Melanie Müller unterrichtete viele Jahre lang Kunst und Deutsch in allen Jahrgangsstufen. Dabei arbeitete sie nicht nur selbst strukturiert und kompetent, sondern unterstützte auch einige Jahre lang die Ausbildung der Referendarinnen und Referendare. In der Organisation des Erweiterungsprojektes trug sie besonders zur Begabtenföderung am GBG bei. Nach einem Zertifikatskurs in Katholischer Religionslehre unterrichtete Melanie Müller auch einige Religionskurse in der Sekundarstufe I. Nun wechselt sie an ein Gymnasium in Mönchengladbach.

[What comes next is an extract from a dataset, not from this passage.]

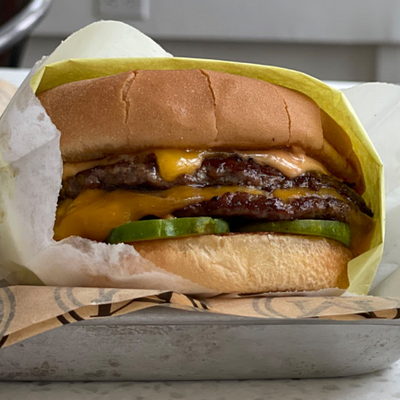 Cheeseburger Week Report: Jake’s Trustworthy Burger Remains Faithful to its History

Jessica Pasek war jahrelang Teil der Fachschaften Sport und Chemie am GBG. Mit ihrer direkten und strukturierten Art hatte sie den Unterricht und ihre Schülerinnen und Schüler immer im Griff. Als Ganztagsbeauftragte koordinierte sie die unterschiedlichen Anforderungen der Nachmittagsgestaltung und der Mittagspausen. Jessica Pasek wechselt zum neuen Schuljahr aus ihrer zweiten Elternzeit an ein Mönchengladbacher Gymnasium.

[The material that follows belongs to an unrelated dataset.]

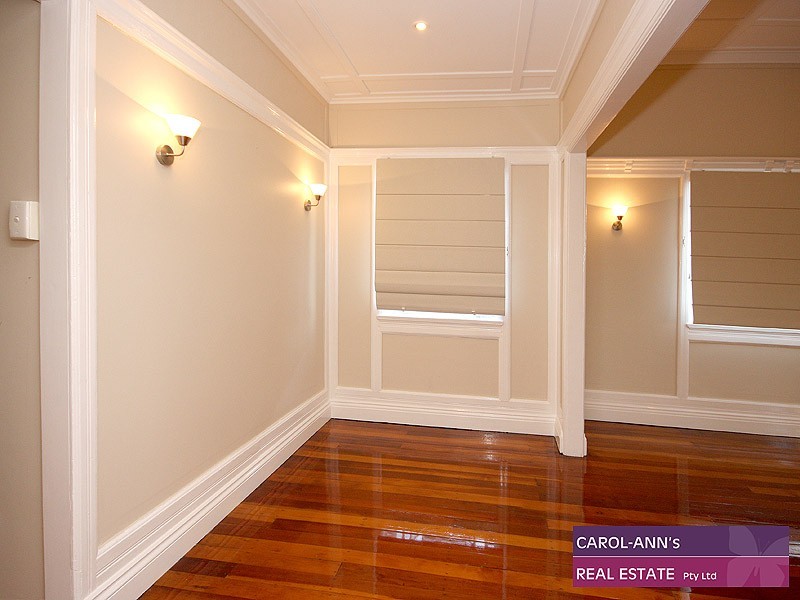 178 Barton Road, Hawthorne QLD 4171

Auch unsere Referendarinnen, die schon im Mai ihr Zweites Staatsexamen bestanden haben, haben nun feste Stellen nach dem Sommer bekommen. Karen Bittner, Anne Bröckers, Jacqueline Donner verlassen daher nun auch das Georg-Büchner-Gymnasium und stellen sich neuen Herausforderungen an drei Gesamtschulen in der Nähe.

Wir wünschen allen Kolleginnen und Kollegen ganz herzlich alles Gute für ihren weiteren Lebensweg und dass sie in den nächsten Jahren ihr Leben nach eigenen Wünschen führen können.